Step back and look at what is happening across our country. What you will see is not pretty.

The fall in the share prices of Woolworths and Wesfarmers (Coles and Bunnings) over the last few days is the first sign that the market realises that the dramatic events taking place in Canberra are going to hit already sluggish retail spending.

It’s the first whiff that the market understands what is about to take place.

Whether it is a tax levy on middle-income Australia, a cut in welfare or slashing government spending in particular areas, we are going to see measures that will reduce people’s spending power and/or create job uncertainty.

This squeeze on the economy comes just as we are about to lift shift allowances and penalty rates in retail as part of a decision made four years ago which cuts in on July 1 (Australia faces a humiliating retail calamity, November 12).

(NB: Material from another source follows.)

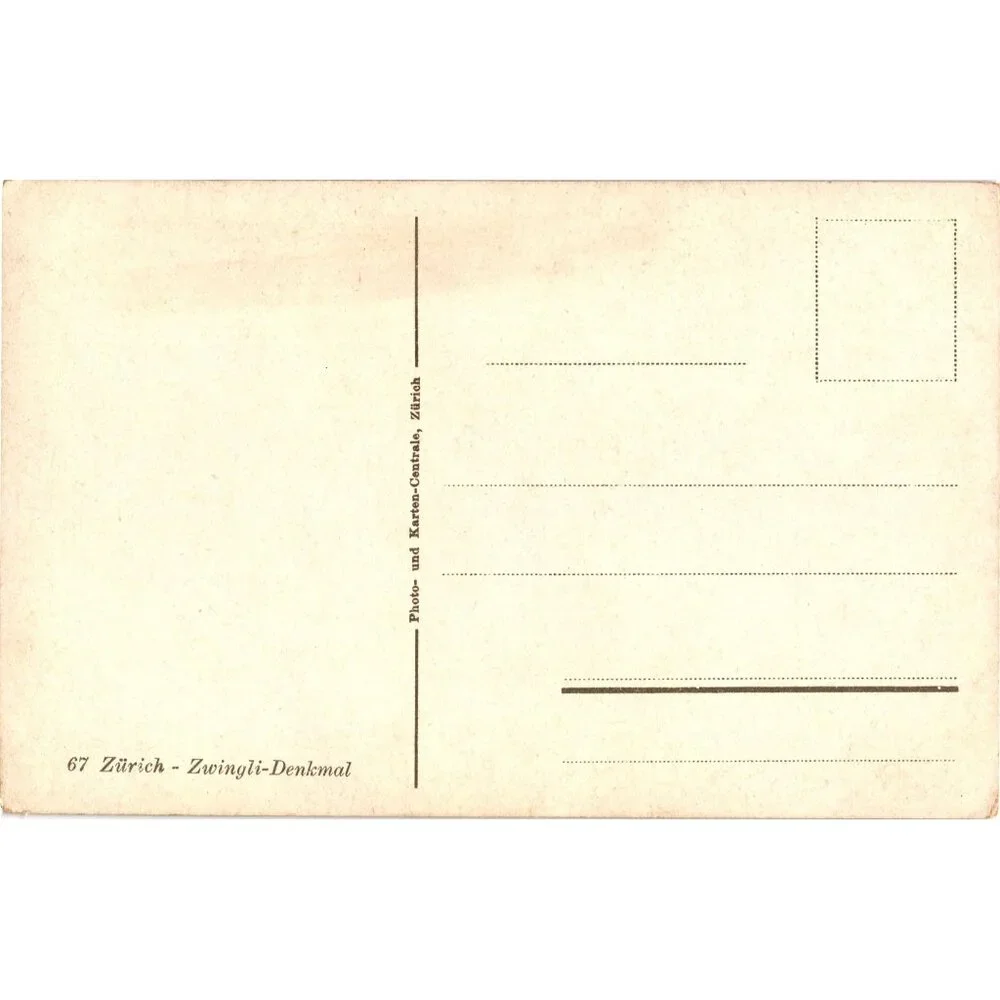 Historic Zürich Zwingli Monument Statue Vintage Postcard Switzerland Classic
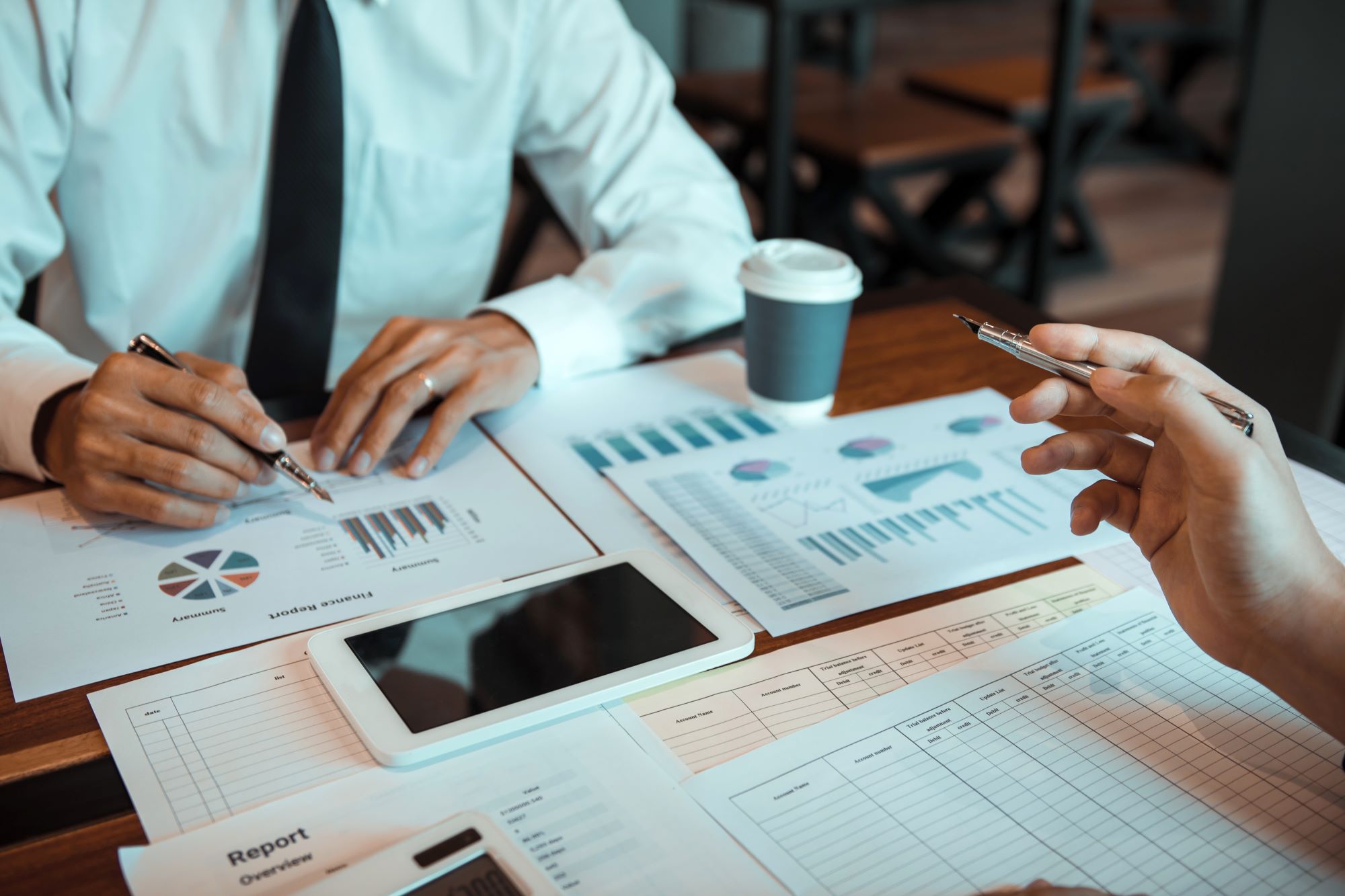 Discussion in a business setting.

That’s a very nasty retail combination -- higher wages and reduced demand. And what’s happening in retail will spread through the economy.

Right now this underlying problem is being masked by higher house prices -- not generated by real demand via first home buyers but driven by Chinese buying and by a lowering of bank credit standards to allow a big rise in investment house buying on the expectation of higher rents. If the clamps on the Chinese shadow banking system are to be continued for an extended period we are likely to see fallout in the Australian property market (China’s shadow banking squeeze could choke Australia, April 30).

The cocktail of higher retail wages, lower consumer spending, increased job insecurity, a lowering of bank credit standards to foster housing investors, and a Chinese shadow banking squeeze, is a dangerous combination if events. In normal circumstances there would be a further fall in Australian interest rates to boost consumer demand and lower the dollar. But the current low rates, fanned by lower lending standards, are driving money away from bank deposits into investment properties.

In previous tough times we have received a ‘get out of jail free card’ via higher commodity prices, but there is no joy in iron ore, coal or gas prices at the moment. Indeed the price of each of these key export materials is under pressure.

I don’t want to alarm readers but we have a situation where there are a series of decisions being made in government, housing, banking, wages and investment that are at odds with each other.

The government knows that it faces major employment problems with the end of the mining investment boom and the close of auto manufacturing, plus the switch from store-based retail to online retail. Its answer is massive investment in infrastructure. This will help but it takes time to ramp it up and it helps only part of the community.

I am not sure Tony Abbott and Joe Hockey fully understand what is ahead. We will know more when we see the budget.